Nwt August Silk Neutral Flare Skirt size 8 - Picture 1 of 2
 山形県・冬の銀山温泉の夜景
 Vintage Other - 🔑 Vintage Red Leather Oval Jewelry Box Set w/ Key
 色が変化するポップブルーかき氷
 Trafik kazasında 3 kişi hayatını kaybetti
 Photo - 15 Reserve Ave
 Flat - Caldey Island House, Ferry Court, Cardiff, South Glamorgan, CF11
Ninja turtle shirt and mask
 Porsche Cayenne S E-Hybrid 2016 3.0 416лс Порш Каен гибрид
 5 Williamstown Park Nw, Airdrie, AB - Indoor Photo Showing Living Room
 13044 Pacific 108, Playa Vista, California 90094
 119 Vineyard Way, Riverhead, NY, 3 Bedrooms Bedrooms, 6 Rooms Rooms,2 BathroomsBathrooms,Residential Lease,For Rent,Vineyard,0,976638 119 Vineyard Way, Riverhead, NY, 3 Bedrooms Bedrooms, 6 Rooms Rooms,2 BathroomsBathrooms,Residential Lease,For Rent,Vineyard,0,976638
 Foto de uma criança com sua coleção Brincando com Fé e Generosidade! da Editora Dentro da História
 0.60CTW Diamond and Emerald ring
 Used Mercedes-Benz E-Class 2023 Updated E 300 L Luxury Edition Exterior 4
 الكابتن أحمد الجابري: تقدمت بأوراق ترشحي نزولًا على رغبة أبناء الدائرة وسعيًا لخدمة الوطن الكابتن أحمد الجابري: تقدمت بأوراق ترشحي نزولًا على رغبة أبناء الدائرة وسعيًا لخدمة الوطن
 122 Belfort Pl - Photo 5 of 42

● ● ● ●

Work required: Starting from the line containing "لخدمة الوطن الكابتن", repeat each line through the end of the entries, exactly.

Response to the task:
 الكابتن أحمد الجابري: تقدمت بأوراق ترشحي نزولًا على رغبة أبناء الدائرة وسعيًا لخدمة الوطن الكابتن أحمد الجابري: تقدمت بأوراق ترشحي نزولًا على رغبة أبناء الدائرة وسعيًا لخدمة الوطن
 122 Belfort Pl - Photo 5 of 42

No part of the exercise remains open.